思春期の頃、いろいろと悩むこともあり、本来ならば「父親」に相談すればよいこともできずにいたことを思い出します。しかし、よく考えてみると、今ではそんな父と一緒に盃を交わすことが大好きな自分が不思議です。その理由に思いを巡らせてみると、父のことがよく分かるようになったからだということに気が付きました。
初めて一緒にお酒を二人で飲んだときの父のニヤニヤした嬉しそうな顔は、今でも忘れません。そのとき、「どうしてこんなに嬉しそうな顔をするのだろうか?」と不思議でした。 しかし、日頃は表情が固く、ニヤニヤすることなど滅多にない父がニヤニヤしているのがおかしく、その顔を見たいがために一緒に飲みはじめたのがきっかけでした。

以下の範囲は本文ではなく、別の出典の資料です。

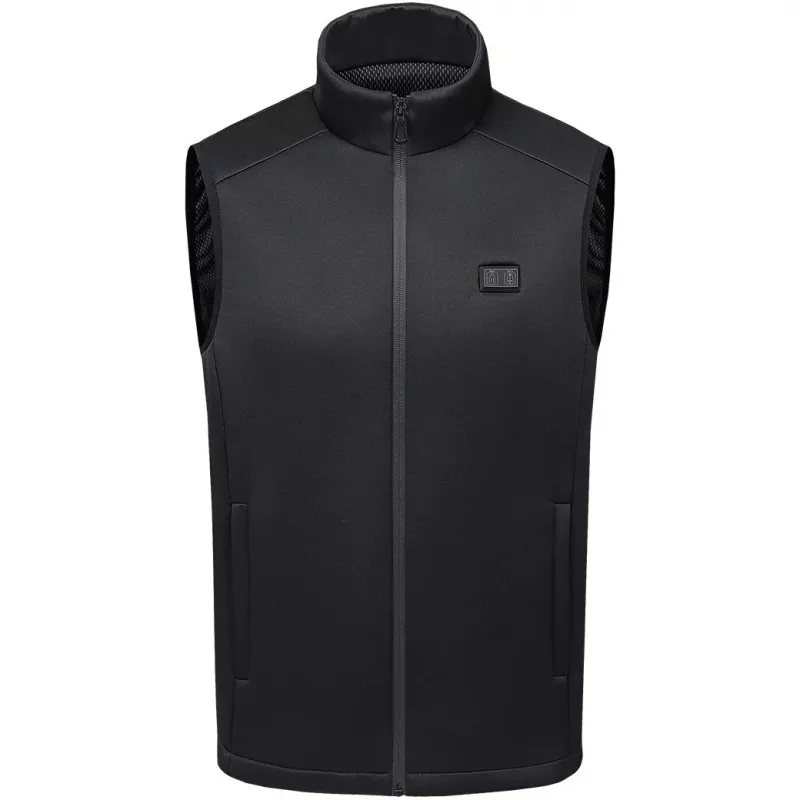 MOZOS HV4 Θερμαινόμενο γιλέκο unisex XL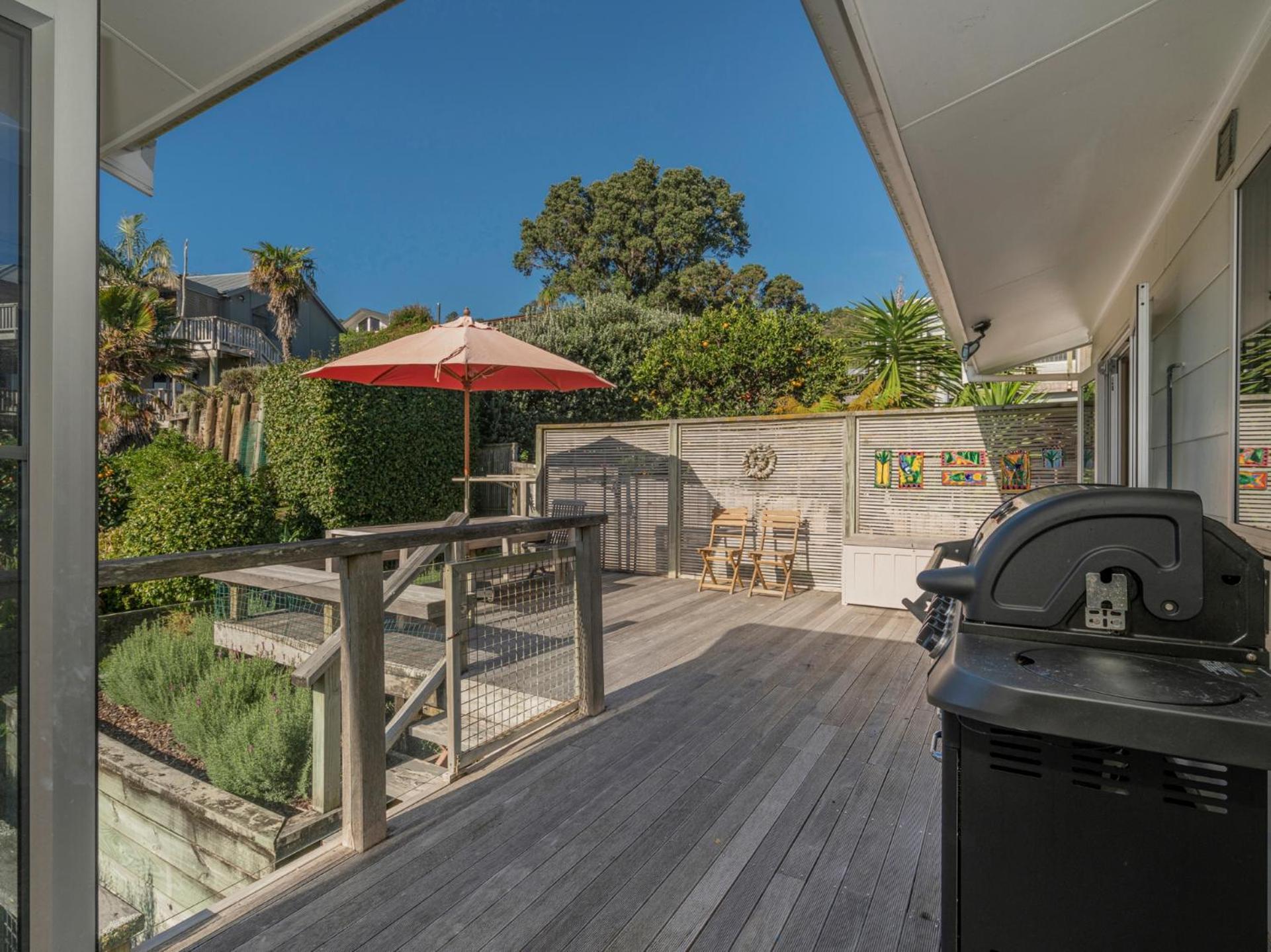 Hahei Kiwi Bach - Hahei Holiday Home Exterior foto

すると、次第に父の口からいろいろな話を聞けるようになりました。例えば、今だから言える笑い話、苦労話、失敗談、母への愚痴など、父の「本音」のような想いに触れるようになったのです。そして私自身、父のことを誤解していたことが分かったり、今だから分かる父の気持ちなどが自分に流れ込んでくるような感覚を覚えるようになりました。家族を想い守り抜いてきた姿や、サラリーマンとの二足の草鞋(わらじ)で家業を引き継いできた想いなどに触れたときは、涙が出そうになることもあります。
私もいまや一人の娘を持つの父です。今だから分かる父の気持ちに触れ、これからどのように人生を歩んでいくべきなのかを考えさせられます。父と盃を交わすことは、私とってお互いの「想いを酌み交わす」ことを意味するのです。
しかし、最近では父もお酒を飲む量が随分と減りました。昔は、「この人は一体どれくらい飲むのだろうか」と呆れたこともありましたが、だんだん飲む量が同じになり、今日では私の飲む量のほうが多くなりました。そうすると「あとどれくらい父と一緒にお酒を酌み交わす幸せな時間を過ごすことができるのかな」と考えてしまい、寂しくもあります。